The application is still under development. The current version offers features like unified search across multiple gazetteers, a compare view and a matching lookup. Futher possible development steps may include more advanced functionality, the integration of other gazetteers and further improving the matching system.
The number of results is much to high. How can I make it smaller?
You can set the "Name search type" to "Match whole name" in order to make the name search more restrictive. To only get results from a certain region you can draw a bounding box around it via the "Bounding Box" filter (note that this filters out all entities without coordinates). And you can set an "only settlements" filter (note that this filter does not work well for the GND database due to its type system).
There may be interesting entities that are missing in the results. How can I include them?
Your search may be to restrictive. Setting the "Name search type" to "Match word in name" is one option to make it more permissive. You can also use a wildcard (the * symbol) in the name search (e.g. Wroc*w). And if the entities you are looking for do not contain coordinates you won't find them if a geographical filter, i.e. a bounding box is set.
Why does the application offer rather generic filters (name, location) and a settlement filter?
Our aim was to provide simple yet powerful filters enabling the user to easily make broad searches as well as specific ones. Additionally, a key aspect of the application is the simultaneous querying of multiple gazetteers with one search request in a unified manner. That means the app uses filters which can be applied to all gazetteers and does not offer those that can't be queried for across all gazetteers (e.g. specific characteristics of one gazetteer like its type system).
When I compare two searches, one only specifying the name, the other adding another filter to it (geographical or settlement) I get results in the second one that were not in the first one. Isn't that incorrect?
That happens when your first search yielded a huge number of results larger than the maximum allowed number of the respective service (e.g. for GeoNames it's 1000 results per query). The second search result set may then of course include entities that were above the limit of the first search and thus not included in the first one.

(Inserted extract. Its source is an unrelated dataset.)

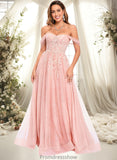 Jazlynn A-line Sweetheart Off the Shoulder Floor-Length Tulle Floral Lace Prom Dresses With Appliques Lace STKP0025870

How trustworthy is the matching system?
A "match" can be one of three things: 1. a reference found in the original gazetteer's dataset or a combination of multiple references; 2. a match computed by us based in particular on attribute values; 3. a combination of 1. and 2. References are as trustworthy as the sources that state them, i.e. a reference statement from an authority file can be considered trustworthy, whereas reference statements found in Wikidata may not always have the same accuracy. The computed matches are often correct, but since they have not been validated by humans, they contain errors and should be treated as (more or less) propable suggestions.
Conceptual Background
The gazetteers.net web application provides a unified search across multiple gazetteers. Additionally, the it supports the identification of items in different databases which refer to the same geographical entity. By linking corresponding items across gazetteers it facilitates data aggregation and comparison.

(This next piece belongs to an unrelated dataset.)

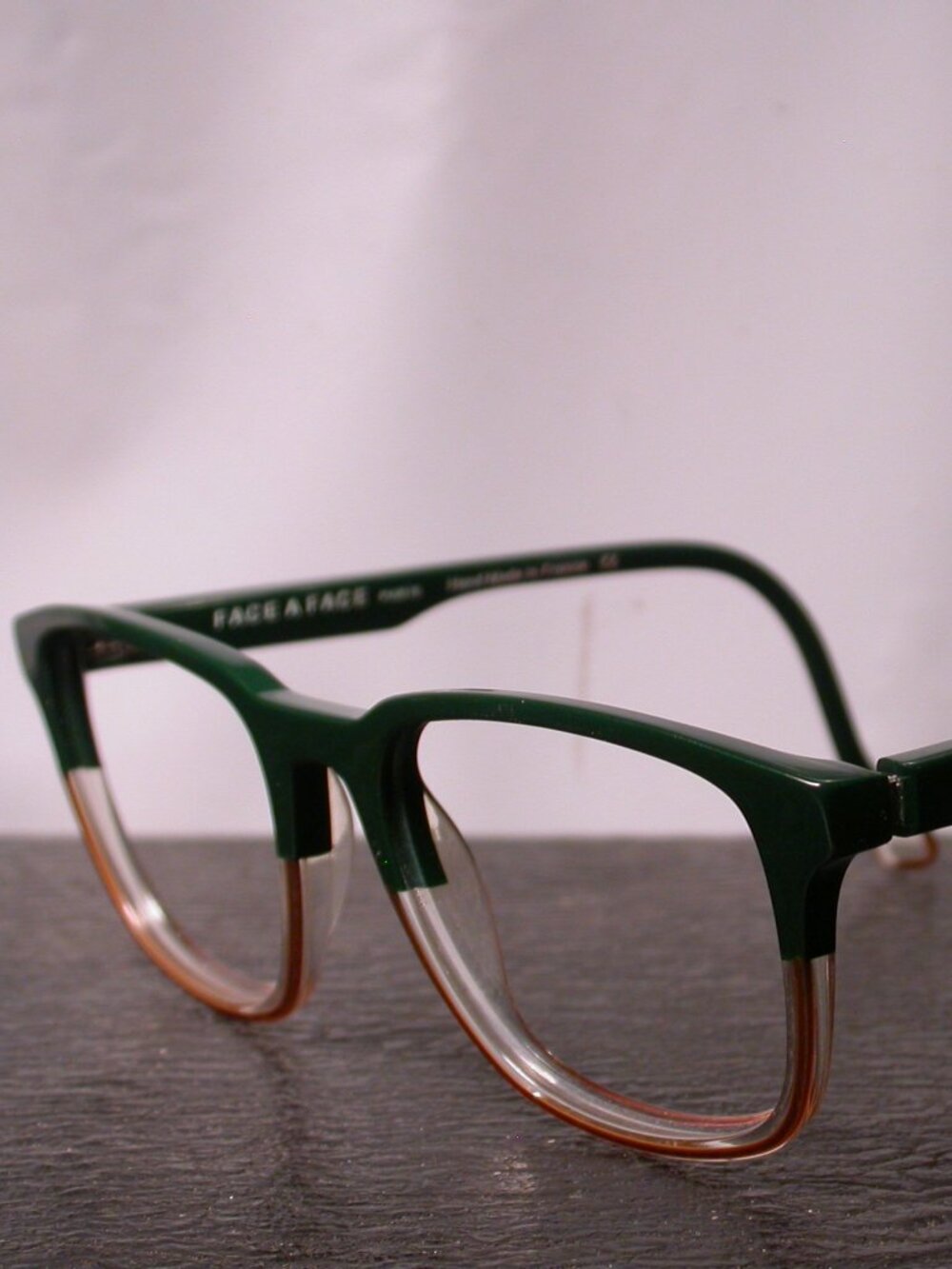 Face A Face Picca Dark Green Clear Stylish Eyeglasses Hand Made in France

Access to multiple gazetteers: Currently ten gazetteers are integrated into the application.
Unified search: All integrated gazetteers can be simultaneously queried in a unified manner with one search request. The application uses filters which can be applied to all gazetteers (especially based on names and coordinates) and does not offer those that can't be queried for across all gazetteers.
Matchings: A "match" is a link between items in different gazetteers which likely refer to the same geographical entity. It can be one of three things: 1. a reference found in the original gazetteer's dataset or a combination of multiple references; 2. a match computed by us based in particular on attribute values; 3. a combination of 1. and 2.
Gazetteers
The project's approach is to use live data where possible. Gazetteers which are considered "stable" (e.g. datasets of completed projects) or which are not accessible via a performant and suitable web service were downloaded and imported into the application's database.

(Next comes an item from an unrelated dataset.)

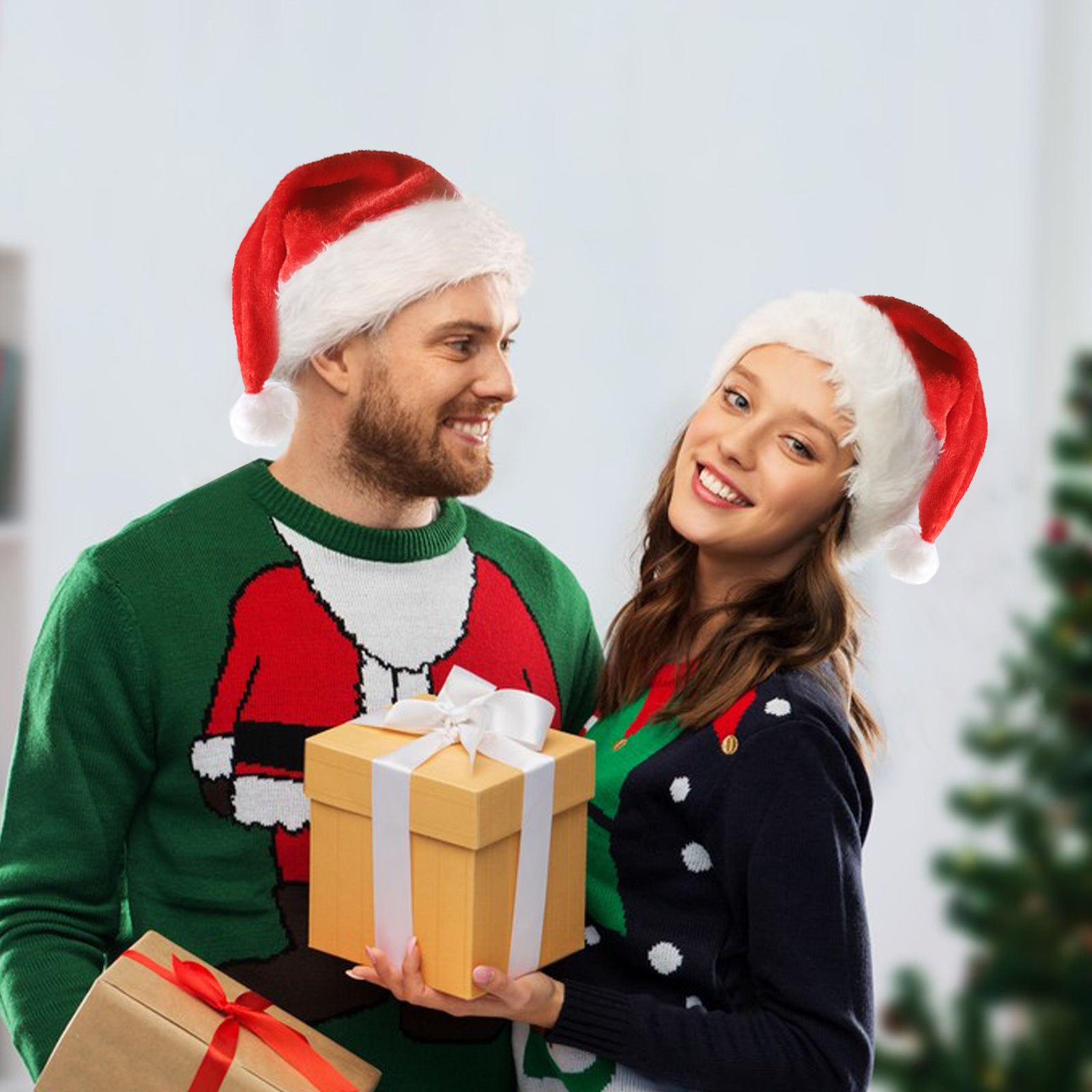 Santa Hat, Christmas Hat With Colorful Led Strip Lights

The user can search all gazetteers or only in a selected subset.
Currently ten gazetteers are integrated into the application:
GeoNames
GeoNames is a widely used global geographical database.
It is integrated into the application via a web service.
Geschichtliches Ortsverzeichnis (GOV)
GOV is a gazetteer by the German Verein für Computergenealogie (Computer genealogy association). Its focus are settlements in Europe, the U.S. and Australia, along with historical names, to facilitate genealogical research in these regions.
GOV is integrated into the application via a web service.
Gemeinsame Normdatei (GND) (Geographical data)
The
Gemeinsame Normdatei (Integrated Authority File), managed by the German National Library, is an international authority file which also contains global geographical entities (GND Geografika).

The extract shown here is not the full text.